When a recluse’s quiet, and relatively peaceful life, is turned upside down upon hearing about the release from jail, of a man connected to the death of his parents, he embarks on a crazy and reckless quest of vengeance, acting as an amateur cutthroat hitman, in order to seek revenge, but also protect the estranged family he has left too. A surprisingly good hidden gem, with an intriguing morale message behind it, that is definitely worth a watch.
Director: Jeremy Saulnier
Writers: Jeremy Saulnier
Starring: Macon Blair, Amy Hargreaves, Devin Ratray
I must admit to the fact that Blue Ruin wasn’t a movie on my to-watch list, nor was it a movie I was aware of, prior to it being recommended to me recently and with it now streaming on Netflix, what better reason to give it a shot? To my surprise, what transpired was a captivating, low-budget, edgy, thriller that was beautifully shot, and demonstrated some picturesque parts of Virginia, USA – a side of the United States we don’t necessarily see depicted in film and television too often.

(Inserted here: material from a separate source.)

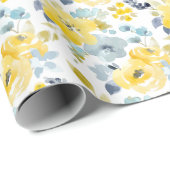 Papier Cadeau Motif d'aquarelle jaune et bleu (Coin rond)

In terms of the story and plot, there was something strangely relatable with it and you often found yourself siding with the lead character that spearheaded a large majority of the brutal and savage violence that took place. It’s fair to say that Blue Ruin was very dark and brutal, almost surprisingly so, but to my delight, the violence wasn’t particularly sensationalised or unrealistic – the rawness and sheer authenticity was a real strength of the movie.

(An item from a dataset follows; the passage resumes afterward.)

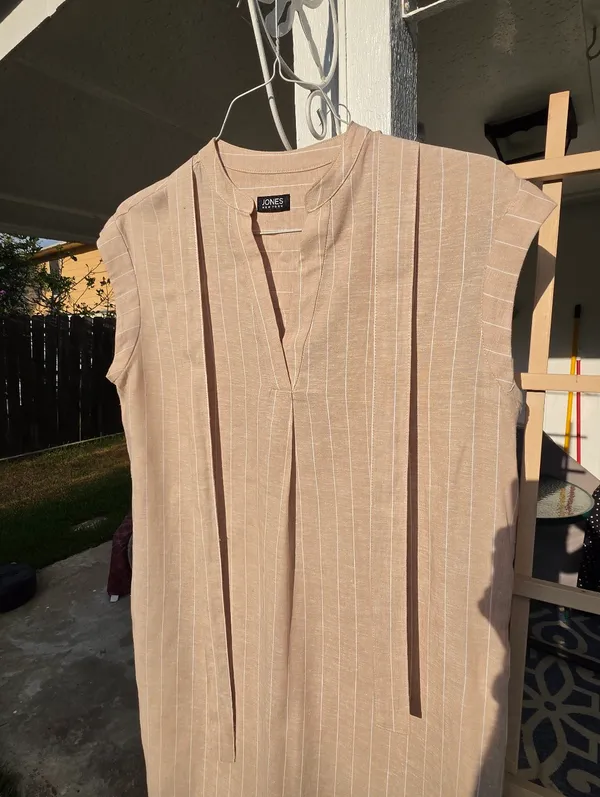 Vintage Jones New York Linen Blend Slip Midi Dress Large - Image 3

It could also be argued that the filmmakers did a brilliant job when it came to making the viewer question how they’d handle the death of a loved one – and whether people like it or not, some would have the desire to do just what Dwight (Macon Blair) did in this flick, and seek retribution himself, rather than being satisfied by the justice system.

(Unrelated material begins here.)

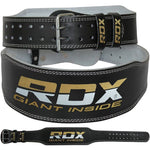 Weight Lifting Belt 4" Leather Black Gold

Something else that stuck in my mind when watching this, however, was the fact that the runtime stood at a rather modest and short, one-hundred and thirty minutes, despite it seeming a little longer when watching the film. A reason for this could be down to the fact that there was limited dialogue, especially in the opening act – many of the scenes seemed to drag on for slightly longer than they should have done, making the entire flick seem longer in return.
Rather surprisingly, there were no major names put forward in terms of casting for Blue Ruin, instead, Macon Blair was the man tasked with leading the film. Perhaps better known for his roles in Murder Party or Green Room, he did a stellar job in portraying the harness of the situation his character, Dwight, found himself in. Elsewhere, the support was largely unknown too, with Amy Hargreaves and Devin Ratray adopting the roles of Sam and Ben respectively – a relative and friend of Dwight.
As with many films of this nature, there was infact a hidden morale message somewhere deep in there, relating back to the cycle of revenge that ultimately has no good outcome for anyone involved. If one person is murdered and another avenges that death, then where does the cycle ultimately stop? If ever? A really good movie, which is well worth the watch, especially considering the short runtime and lack of star names involved.